Endoplasmic reticulum:

• RER - protein synthesis, SER - lipid (+carb) production, liver cells (detoxification), muscle cells (Ca²⁺ storage)

Golgi apparatus:

• Cis -> trans face

• Phosphorylation, saccharide and fatty acid addition / cleavage

Exocytosis:

• Constitutive - vesicle lined w/ membrane proteins

• Regulated - active transport by ligand-receptor complexes

Cytosol:

• 70-80% water

• Contains proteins, mono- and polysaccharides, amino, fatty and nucleic acids, cations

• Allows metabolic reactions to occur

Mitochondria:

• Maternally inherited circular DNA - produce ATP synthase and other TCA enzymes

• Responsible for aerobic respiration (TCA cycle and oxidative phosphorylation)

• Bacterial conformation (60S) ribosomes

• Endosymbiotic theory - mitochondria formed when bacteria formed symbiotic relationship w/ Archaea: facilitated differentiation, fitness advantage allowed propagation of eukaryotes

• Replicate independently of the cell

• Double membrane - inner membrane is highly folded (cristae)

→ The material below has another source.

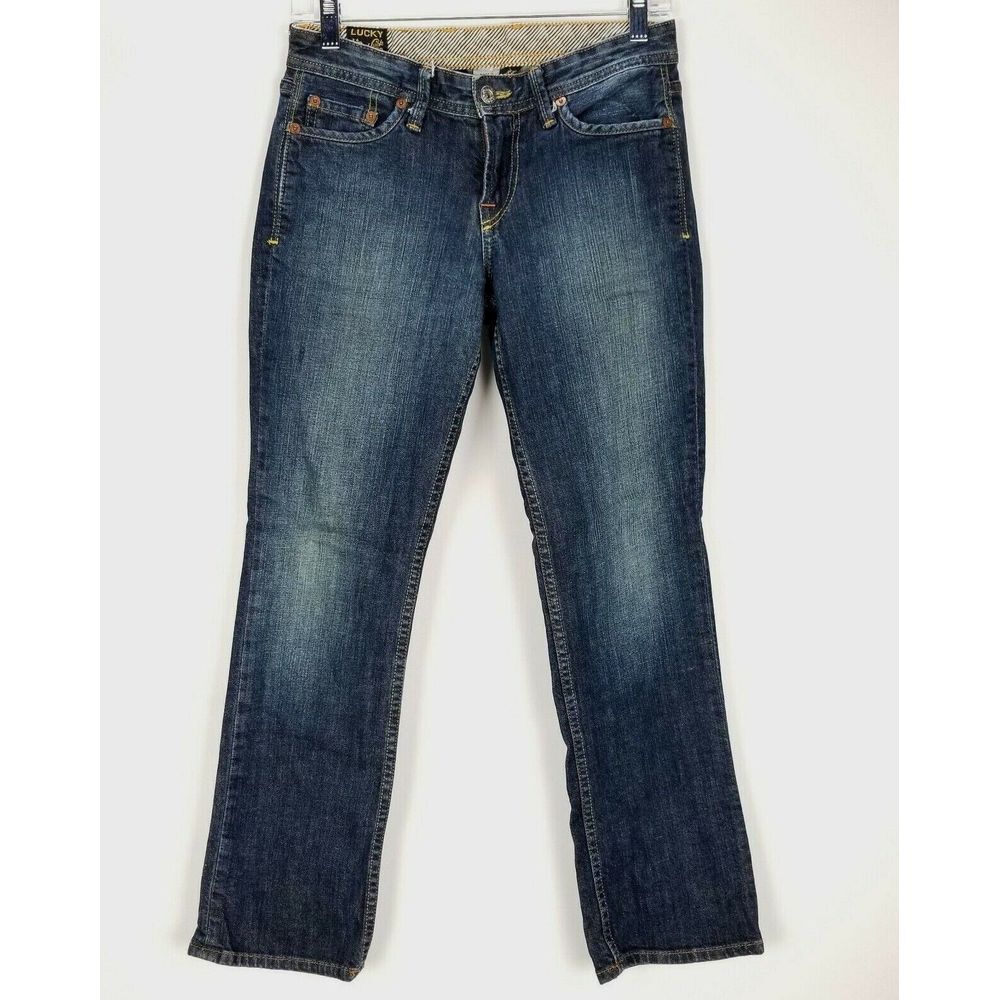 Lucky‎ Brand Women's Capri Jeans Size 0 25 Distressed Blue Denim Cropped Pants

• Mitochondrial matrix - contains TCA enzymes

• Periplasm - intermembrane space, facilitates proton gradient

Electron transport chain:

• Complex I

  • Oxidises NADH, pumps 4 protons, reduces ubiquinone

• Complex II

  • Oxidises FADH_2, does not pump protons, reduces ubiquinone

• Complex III:

  • Oxidises ubiquinone, pumps 4 protons, reduces cytochrome C

• Complex IV:

  • Oxidises cytochrome C, pumps 2 protons and reduces O₂

2H⁺ + O + 2e^-   Oxygen is terminal electron acceptor

10 protons pumped for every 2 electrons (Oxidation of NADH and FADH₂

Ubiquinone and Cytochrome C act as shuttles

Proton motive force powers ATP synthase, in reverse orientation to proton pores

Ribosomes:

• Responsible for protein translation

• Small (40S) subunit holds mRNA binding site

• Large (60S) subunit has A (aminoacyl), P (peptidyl) and E (exit) sites for tRNA

• Codon - anticodon binding between tRNA and mRNA

• Measure of activity (more proteins transcribed, greater ribosomal activity)

• Free ribosomes produce intracellular proteins

• Bound ribosomes produce specific proteins (lysosomes, extracellular hormones + enzymes)

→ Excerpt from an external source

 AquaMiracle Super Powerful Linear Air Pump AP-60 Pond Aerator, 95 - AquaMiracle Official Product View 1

• Highly conserved, phylogenetic marker

Cytoskeleton

• Microfilaments (7nm diameter)

  • Cellular movement - muscle cells use in combination with myosin

  • Chemokines/cytokines attract cells, microfilaments used to move in direction dictated by signalling molecules

  • Actin monomers polymerise - create new binding point at cell 'front'

  • Depolymerisation/hydrolysis at cell 'back' allows movement

• Intermediate filaments (8-10nm diameter)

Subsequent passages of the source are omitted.